Once you have the holes drilled into the one slab for all the holes in your tang you are going to use, there are a couple of ways to "match up" the other slab.
One, if you are careful, you can simply repeat the same process used to drill the holes in the first slab. Just turn the knife blade and tang over and clamp it to the slab to drill the holes in the second slab. OR, you can clamp both slabs to the tang, using that set of pins, to center the holes in the first slab, and use the hole in the slab as your drill guide to drill through the hole in the tang an on into the second slab. Again, when you complete one hole, put a temoporary pin through the hole to make sure that the two slabs remain aligned before you take the other pin(s) out of the tang to drill those holes.
When all the holes are drill, remove burrs on the outside of the slabs, and chamfer the hole with a chamfering bit( or countersink), for your rivets.
Don't try to hammer those rivets down in ONE BLOW. That is how you crack the slabs.
Lots of little blows will close the rivets, assuming the length of the rivets are correct.
I put brass pins in my first handle, and carefully peened over the ends to hold walnut slabs. Within the year, the walnut had dried out, and shrunk enough to allow the slabs to rattle, and the hilt to rattle two. That lead to my second rebuild of that knife, with no more success.
Finally, 2 years later, I ground the tang down to half its width, then cut leather pieces to fit down on the tang and cover the entire tang. An end cap was made from a piece of scrap steel, drilled and tapped, and screwed down onto a matching stud I filed into the end of the tang.

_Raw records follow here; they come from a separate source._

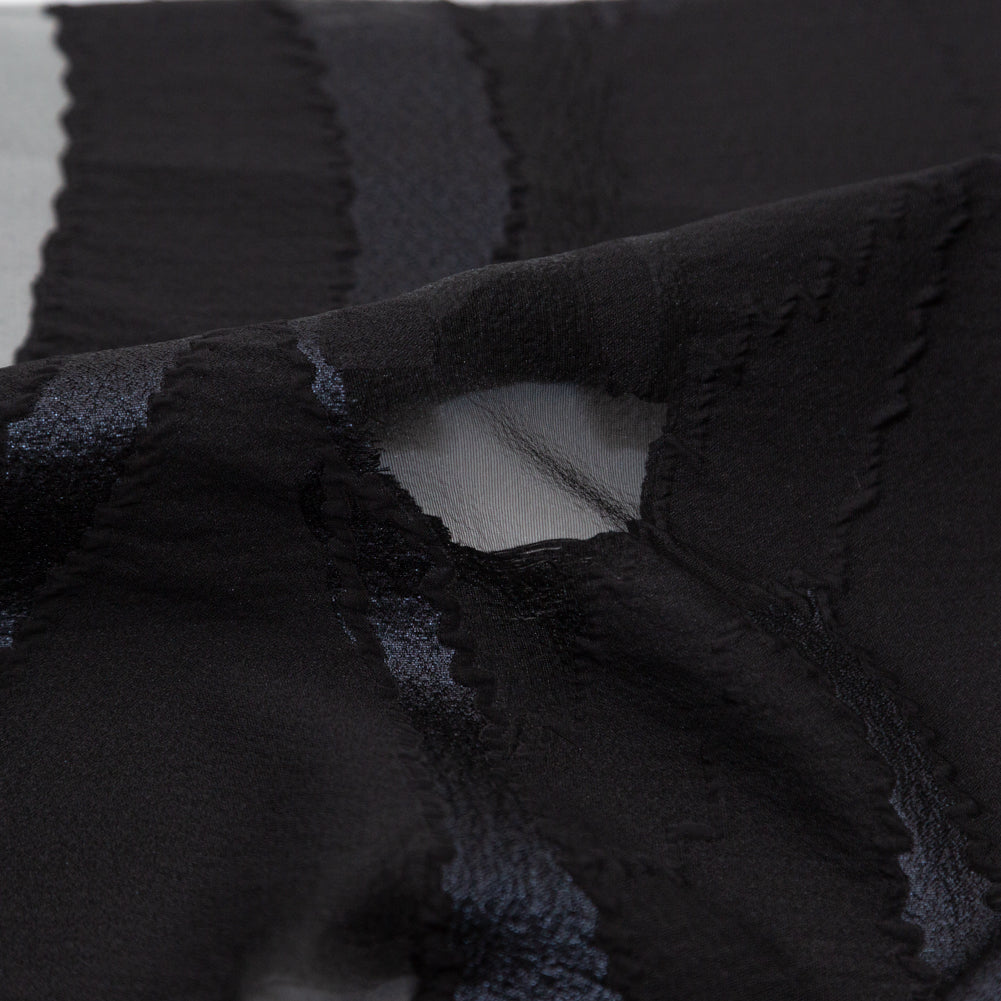 Metallic Navy and Black Luxury Crinkled Organza Burnout Brocade - Joann Fabrics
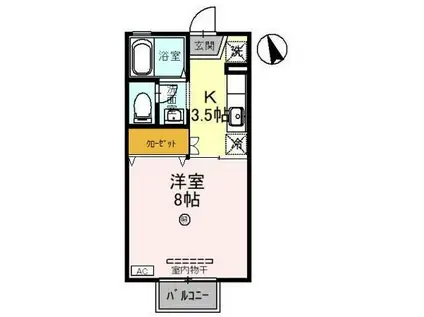 ルミナス若狭2棟(1K/1階)の間取り写真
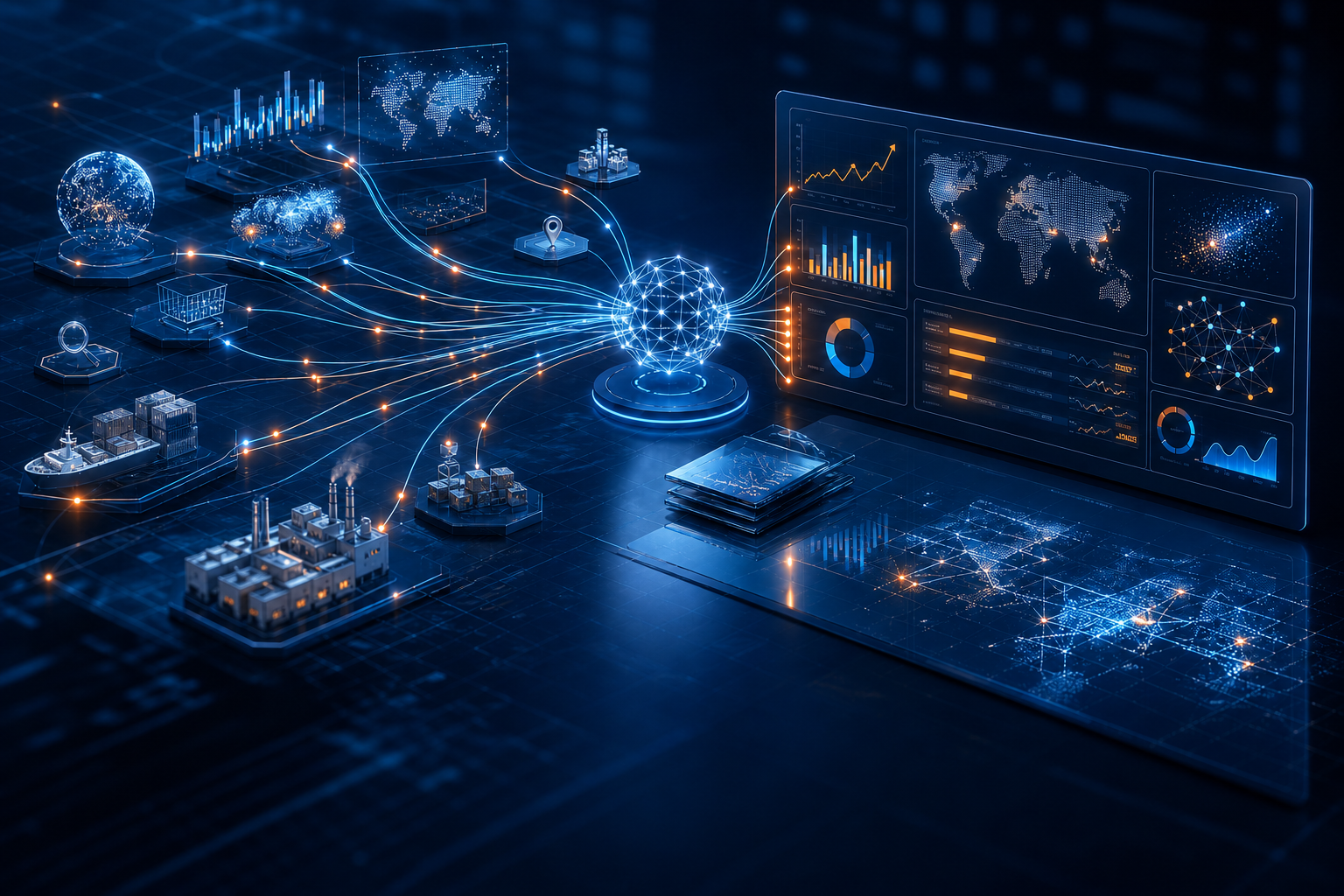 Connected market and enterprise signals flowing into decision intelligence dashboards.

I used Elmer's glue between the layers of leather, pounded the layers down tight as each piece of leather was worked down the tang, and then added another piece of leather, so that I was Barely able to begin to catch the thread with my pommel to turn it down. I turned the pommel down using Vise Grip pliers, holding the knife blade in my bench vise. Boy, did the glue squirt out of those pieces of leather. The next day I used rasps, and coarse files, then fine files, and sand paper, to shape the leather handle to something we now call " ergodynamic". This was back in 1964, and the word did not exist, yet.
I still have the knife. I keep it because it reminds me of all my mistakes, so I don't repeat them making other knives. There are still a host of other mistakes for me to make with knives, so I am not too worried about "being perfect". Hah! :rotf: :shocked2: :grin: :thumbsup:
On your next knife, don't drill the holes in the tang before you drill the holes through the handle, whatever it is. Then you can use the holes in the handle as drill guides to at least mark the exact location on the tang for the corresponding holes in that steel.
If your tang is made from laminated steels, or very hardened steel, you can heat up the tang with an ordinary Propane torch to red hot, and drill the holes while the tang is red hot. Just clamp the blade in the BARE jaws of your bench vise. The Vise will become a heat sink, to keep the heat applied to the tang from heating up the hardened, and tempered blade. Drilling through red hot steel is like drilling through balsa wood. :thumbsup: Oh, put a good tap oil on the flutes of your drill bit to keep the bit cool while drilling the red hot steel.